Efficient Framework for Sentiment Classification Using Apriori Based Feature Reduction

Authors

  • Achin Jain Guru Gobind Singh Indraprastha University image/svg+xml
  • Vanita Jain Bharati Vidyapeeth’s College of Engineering

DOI:

https://doi.org/10.4108/eai.16-2-2021.168715

Keywords:

Sentiment Classification, Association Rule Mining, Apriori Algorithm, Feature Selection, Machine Learning

Abstract

This paper proposes a novel feature selection method for Sentiment Classification. UCI ML Dataset is selected having a textual review from three domains (IMDB Movie, AMAZON Product, and YELP restaurant). Text pre -processing and feature selection technique is applied to the dataset. A Novel Feature Selection approach using Association Rule Mining is presented in which Sentence is converted in binary form and Apriori Algorithm is applied to reduce the dataset. Four Machine Learning algorithms: Naïve Bayes, Support Vector Machine, Random Forest & Logistic Regression to implement experiment.

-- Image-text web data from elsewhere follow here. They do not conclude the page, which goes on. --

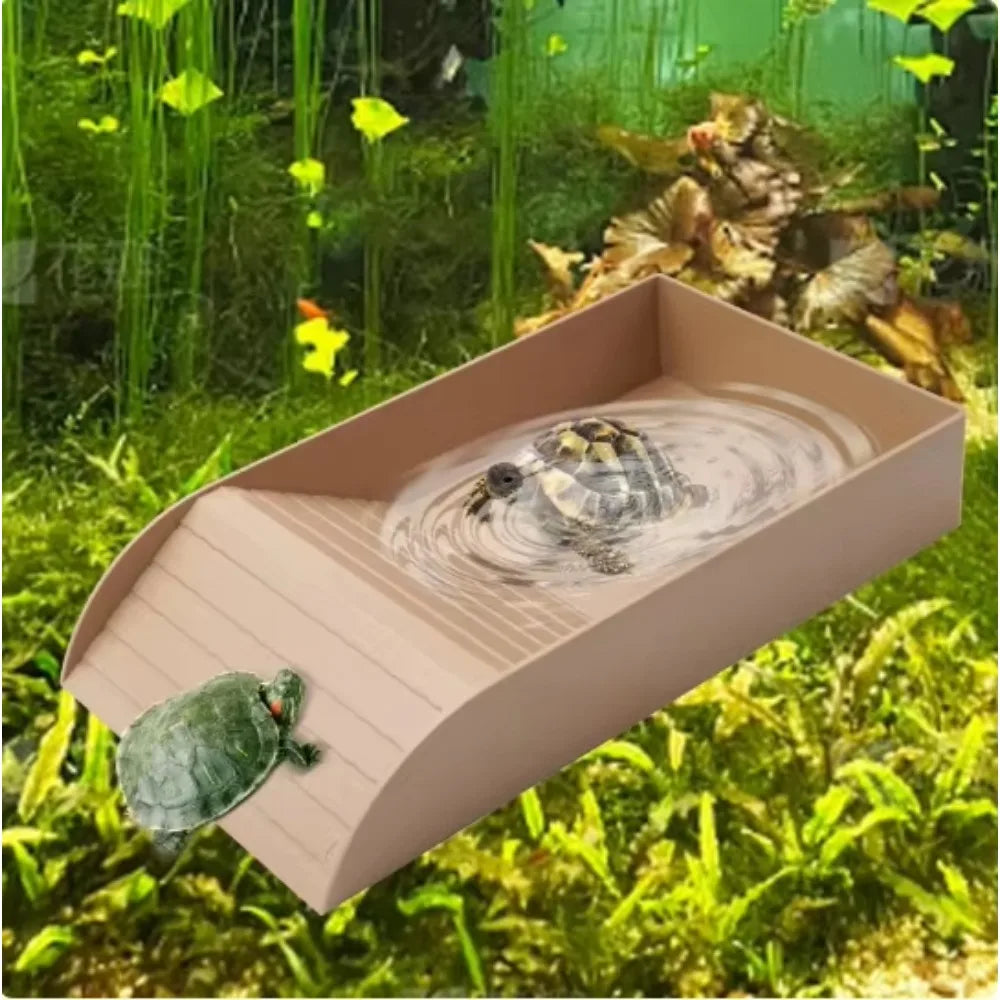 Turtle Bathing Pool Feeding Dish Reptile Water Bowl Habitat Accessory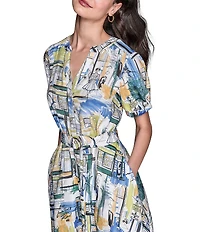 KARL LAGERFELD PARIS Handkerchief Hem Split V-Neckline Short Sleeve Button Front Shirt Midi Dress
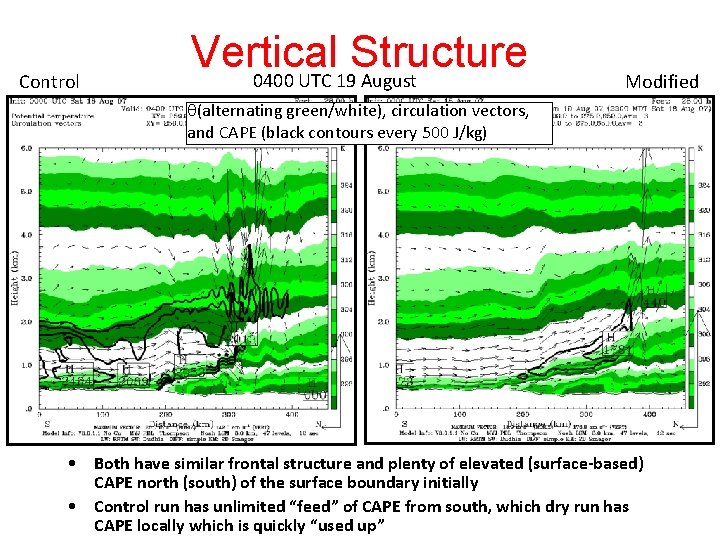 Control Vertical Structure 0400 UTC 19 August Modified (alternating green/white), circulation vectors, and CAPE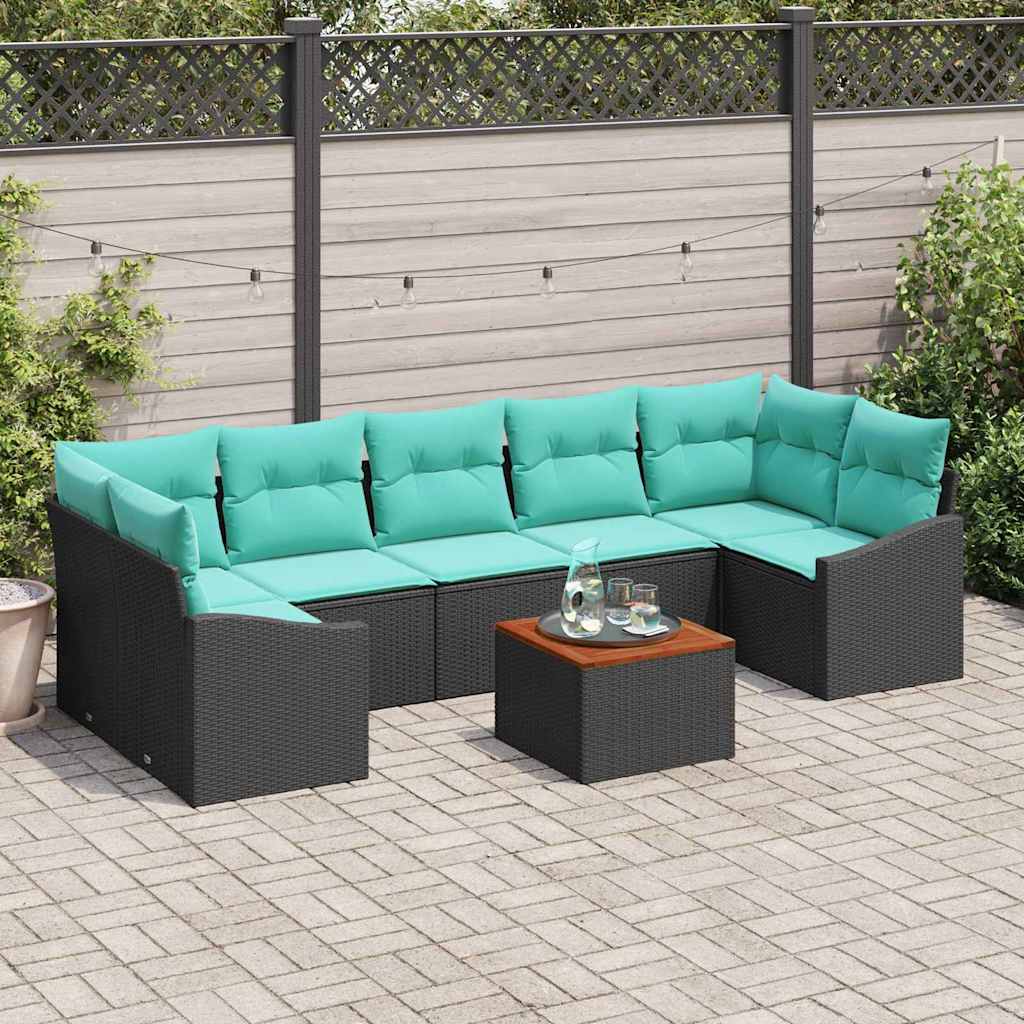vidaXL Conjunto de sofás de jardín 8 uds. Negro ratán sintético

The proposed approach shows an accuracy improvement of 4.2%, 4.9% & 5.9% for IMDB, Amazon & Yelp domain datasets, respectively. Compared with the Genetic Algorithm, Principal Component Analysis, Chi-Square, and Relief based feature selection, the proposed method shows an accuracy improvement of 9.8%, 0.4%, 0.6% & 1.9%, respectively.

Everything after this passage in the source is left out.